RECORDS PROVIDED section start

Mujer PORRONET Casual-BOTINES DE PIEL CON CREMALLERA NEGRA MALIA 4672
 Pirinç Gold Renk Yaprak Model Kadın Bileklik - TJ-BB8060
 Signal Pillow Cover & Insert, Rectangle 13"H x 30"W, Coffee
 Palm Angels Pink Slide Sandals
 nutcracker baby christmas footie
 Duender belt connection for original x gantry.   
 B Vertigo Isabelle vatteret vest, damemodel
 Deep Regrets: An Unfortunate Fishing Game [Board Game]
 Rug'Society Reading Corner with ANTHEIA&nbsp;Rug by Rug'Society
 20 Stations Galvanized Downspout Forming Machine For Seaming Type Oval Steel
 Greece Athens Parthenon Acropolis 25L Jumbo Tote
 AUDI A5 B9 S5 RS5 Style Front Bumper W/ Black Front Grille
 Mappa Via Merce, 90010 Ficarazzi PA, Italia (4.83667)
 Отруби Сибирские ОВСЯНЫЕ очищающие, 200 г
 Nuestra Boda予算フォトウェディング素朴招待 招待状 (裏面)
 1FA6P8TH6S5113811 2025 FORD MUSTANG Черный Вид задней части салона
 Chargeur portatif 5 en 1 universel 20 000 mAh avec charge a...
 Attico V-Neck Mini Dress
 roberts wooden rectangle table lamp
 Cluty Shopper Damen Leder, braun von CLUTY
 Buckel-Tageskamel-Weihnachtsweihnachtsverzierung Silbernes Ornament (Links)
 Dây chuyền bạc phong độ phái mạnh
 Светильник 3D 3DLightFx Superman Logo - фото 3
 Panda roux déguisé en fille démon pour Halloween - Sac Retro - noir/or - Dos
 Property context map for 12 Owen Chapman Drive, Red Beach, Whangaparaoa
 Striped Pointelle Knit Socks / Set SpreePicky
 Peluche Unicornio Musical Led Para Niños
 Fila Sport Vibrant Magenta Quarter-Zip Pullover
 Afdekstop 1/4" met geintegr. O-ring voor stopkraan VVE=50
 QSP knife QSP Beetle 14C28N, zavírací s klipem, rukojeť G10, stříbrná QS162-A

RECORDS PROVIDED section end

§ EXERCISE
Please print the data above exactly as it appears.

§ RESPONSE BELOW
Mujer PORRONET Casual-BOTINES DE PIEL CON CREMALLERA NEGRA MALIA 4672
 Pirinç Gold Renk Yaprak Model Kadın Bileklik - TJ-BB8060
 Signal Pillow Cover & Insert, Rectangle 13"H x 30"W, Coffee
 Palm Angels Pink Slide Sandals
 nutcracker baby christmas footie
 Duender belt connection for original x gantry.   
 B Vertigo Isabelle vatteret vest, damemodel
 Deep Regrets: An Unfortunate Fishing Game [Board Game]
 Rug'Society Reading Corner with ANTHEIA&nbsp;Rug by Rug'Society
 20 Stations Galvanized Downspout Forming Machine For Seaming Type Oval Steel
 Greece Athens Parthenon Acropolis 25L Jumbo Tote
 AUDI A5 B9 S5 RS5 Style Front Bumper W/ Black Front Grille
 Mappa Via Merce, 90010 Ficarazzi PA, Italia (4.83667)
 Отруби Сибирские ОВСЯНЫЕ очищающие, 200 г
 Nuestra Boda予算フォトウェディング素朴招待 招待状 (裏面)
 1FA6P8TH6S5113811 2025 FORD MUSTANG Черный Вид задней части салона
 Chargeur portatif 5 en 1 universel 20 000 mAh avec charge a...
 Attico V-Neck Mini Dress
 roberts wooden rectangle table lamp
 Cluty Shopper Damen Leder, braun von CLUTY
 Buckel-Tageskamel-Weihnachtsweihnachtsverzierung Silbernes Ornament (Links)
 Dây chuyền bạc phong độ phái mạnh
 Светильник 3D 3DLightFx Superman Logo - фото 3
 Panda roux déguisé en fille démon pour Halloween - Sac Retro - noir/or - Dos
 Property context map for 12 Owen Chapman Drive, Red Beach, Whangaparaoa
 Striped Pointelle Knit Socks / Set SpreePicky
 Peluche Unicornio Musical Led Para Niños
 Fila Sport Vibrant Magenta Quarter-Zip Pullover
 Afdekstop 1/4" met geintegr. O-ring voor stopkraan VVE=50
 QSP knife QSP Beetle 14C28N, zavírací s klipem, rukojeť G10, stříbrná QS162-A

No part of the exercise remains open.